En trois ans et demi, pas moins de 265 projets, plans ou programmes ont été examinés par l’Autorité environnementale (Ae). Pourtant rares sont ceux qui connaissent son véritable rôle. Un comité Théodule de plus ? Pas exactement. Car les projets de la puissance publique sont soumis à une «évaluation environnementale». Celle-ci doit être réalisée par le maître d’ouvrage ou ses sous-traitants et comprend un état des lieux, une justification du projet, ses impacts sur l’environnement (bruit, consommation d’espace, faune et flore…), les mesures envisagées pour éviter ses impacts, les réduire ou les compenser et, enfin, un résumé non technique de tout cela.
« L’Union européenne a demandé qu’une autorité compétente et indépendante donne son avis sur la qualité de l’étude d’impact et la prise en compte des enjeux environnementaux», explique Michel Badré, président de l’Ae. Ainsi avant le lancement de l’enquête publique par les autorités, l’Autorité environnementale, composée de 13 membres permanents et de 5 personnalités « qualifiées » rend son avis sur telle ou telle étude d’impact. « Il y a des choses que nous sommes les seuls à pouvoir dire, affirme Michel Badré. Nous sommes la seule structure qui ne soient pas aux ordres de l’État et qui travaille en toute indépendance des maîtres d’ouvrage.» Pour autant, l’institution se refuse à se prononcer sur l’opportunité du projet. Elle se borne à analyser l’étude d’impact.
Tirer les maîtres d’ouvrage vers le haut
En 2012, sur 90 avis, 7 concernaient des plans et programmes, 22 des projets ferroviaires (dont la première tranche du grand Paris Express), 13 projets fluviaux, 11 lignes à très haute tension, ou encore 7 projets routiers. En moyenne, depuis l’été 2009, date de création de l’Ae, 60% des avis rendus concernent les transports, 30% d’autres projets, nucléaires par exemple, et 10% des plans et programmes. « Rendre accessible le contenu des dossiers que l’on nous transmet, fait partie de notre mission», explique Mauricette Steinfelder, membre de l’Ae.
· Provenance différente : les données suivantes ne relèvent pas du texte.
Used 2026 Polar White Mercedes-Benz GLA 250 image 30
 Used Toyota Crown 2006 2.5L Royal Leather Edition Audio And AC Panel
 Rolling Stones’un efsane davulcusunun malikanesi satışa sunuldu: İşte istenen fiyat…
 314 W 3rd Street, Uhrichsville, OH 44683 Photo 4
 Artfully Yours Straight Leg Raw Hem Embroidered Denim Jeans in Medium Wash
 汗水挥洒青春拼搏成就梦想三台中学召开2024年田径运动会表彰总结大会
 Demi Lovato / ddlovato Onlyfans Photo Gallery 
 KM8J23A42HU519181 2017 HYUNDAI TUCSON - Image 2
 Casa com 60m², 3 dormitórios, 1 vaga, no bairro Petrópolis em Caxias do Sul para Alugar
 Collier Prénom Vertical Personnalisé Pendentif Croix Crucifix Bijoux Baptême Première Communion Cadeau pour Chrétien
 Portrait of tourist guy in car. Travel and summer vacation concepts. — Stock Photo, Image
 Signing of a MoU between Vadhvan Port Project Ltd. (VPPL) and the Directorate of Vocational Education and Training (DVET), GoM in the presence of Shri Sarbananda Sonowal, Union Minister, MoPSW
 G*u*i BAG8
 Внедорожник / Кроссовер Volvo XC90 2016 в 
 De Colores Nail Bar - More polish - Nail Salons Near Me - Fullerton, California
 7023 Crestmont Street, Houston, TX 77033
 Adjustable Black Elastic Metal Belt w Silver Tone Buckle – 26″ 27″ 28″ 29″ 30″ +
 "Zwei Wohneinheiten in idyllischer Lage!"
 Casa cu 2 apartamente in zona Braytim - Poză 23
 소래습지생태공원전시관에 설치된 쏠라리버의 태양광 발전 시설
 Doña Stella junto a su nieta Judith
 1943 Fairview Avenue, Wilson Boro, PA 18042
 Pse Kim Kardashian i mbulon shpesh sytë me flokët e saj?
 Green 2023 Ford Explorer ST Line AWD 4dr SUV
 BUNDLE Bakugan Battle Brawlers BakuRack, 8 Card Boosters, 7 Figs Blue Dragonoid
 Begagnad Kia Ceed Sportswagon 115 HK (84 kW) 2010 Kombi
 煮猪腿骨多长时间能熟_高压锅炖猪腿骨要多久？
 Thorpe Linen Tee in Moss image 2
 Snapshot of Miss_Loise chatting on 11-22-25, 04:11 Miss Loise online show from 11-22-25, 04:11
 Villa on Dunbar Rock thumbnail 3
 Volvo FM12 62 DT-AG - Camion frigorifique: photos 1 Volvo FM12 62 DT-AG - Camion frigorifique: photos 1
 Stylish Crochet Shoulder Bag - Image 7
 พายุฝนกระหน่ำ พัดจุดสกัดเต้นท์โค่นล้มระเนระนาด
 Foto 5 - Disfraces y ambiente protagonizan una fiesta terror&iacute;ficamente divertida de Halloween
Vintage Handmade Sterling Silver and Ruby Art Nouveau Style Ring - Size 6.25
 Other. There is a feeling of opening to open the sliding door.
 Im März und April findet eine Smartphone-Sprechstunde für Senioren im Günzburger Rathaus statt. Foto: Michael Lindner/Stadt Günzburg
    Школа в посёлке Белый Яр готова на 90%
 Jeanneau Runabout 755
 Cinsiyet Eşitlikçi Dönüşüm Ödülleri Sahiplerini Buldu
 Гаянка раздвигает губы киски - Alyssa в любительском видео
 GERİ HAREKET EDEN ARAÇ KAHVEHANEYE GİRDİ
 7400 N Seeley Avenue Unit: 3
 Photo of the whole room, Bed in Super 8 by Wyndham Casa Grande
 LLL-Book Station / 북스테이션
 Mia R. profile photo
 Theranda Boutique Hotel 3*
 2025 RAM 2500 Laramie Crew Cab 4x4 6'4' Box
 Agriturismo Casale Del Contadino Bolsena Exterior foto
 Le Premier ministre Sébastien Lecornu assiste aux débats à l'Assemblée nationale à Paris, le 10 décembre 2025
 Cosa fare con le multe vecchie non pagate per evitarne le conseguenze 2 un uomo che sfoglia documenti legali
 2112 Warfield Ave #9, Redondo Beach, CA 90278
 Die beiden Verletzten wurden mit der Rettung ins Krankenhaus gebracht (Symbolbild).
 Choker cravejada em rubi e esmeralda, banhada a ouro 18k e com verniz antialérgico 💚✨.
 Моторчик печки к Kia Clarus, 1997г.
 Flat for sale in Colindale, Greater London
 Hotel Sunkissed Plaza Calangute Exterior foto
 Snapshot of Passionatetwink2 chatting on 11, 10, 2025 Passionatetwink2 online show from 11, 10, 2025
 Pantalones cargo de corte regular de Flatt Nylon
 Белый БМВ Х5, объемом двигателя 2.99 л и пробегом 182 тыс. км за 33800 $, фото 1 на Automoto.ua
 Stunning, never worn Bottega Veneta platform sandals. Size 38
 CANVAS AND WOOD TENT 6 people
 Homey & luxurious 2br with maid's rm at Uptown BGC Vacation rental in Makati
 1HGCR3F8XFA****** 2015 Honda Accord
Mais ces avis ont-ils, finalement, d’autres intérêts que d’informer le public? Oui, répond l’autorité environnementale. «Sur 265 programmes examinés à ce jour, 8 ont été abandonnés pour retrait, report ou reprise avant avis de l’Ae, neuf après l’avis avec pour conséquence un projet remanié en profondeur ou des adaptations du projet et dossiers d’étude d’impact refaits, énumère Michel Badré. Dans les autres cas, le maître d’ouvrage fait un «mémoire en réponse» aux recommandations effectuées par l’Ae.»
Mais au-delà, l’Ae a aussi un rôle incitatif. «Même si l’environnement ne fait plus aussi recette qu’avant, on constate un vrai souci des maîtres d’ouvrage pour améliorer leur prise en compte de l’environnement », assure Mauricette Steinfelder. En clair, le porteur du projet anticipe les recommandations de l’Ae. D’autant que si ces dernières ne sont pas contraignantes, en cas de conflit juridique futur, elles peuvent servir de base à la justice pour rendre sa décision. Une contrainte sous-jacente en somme.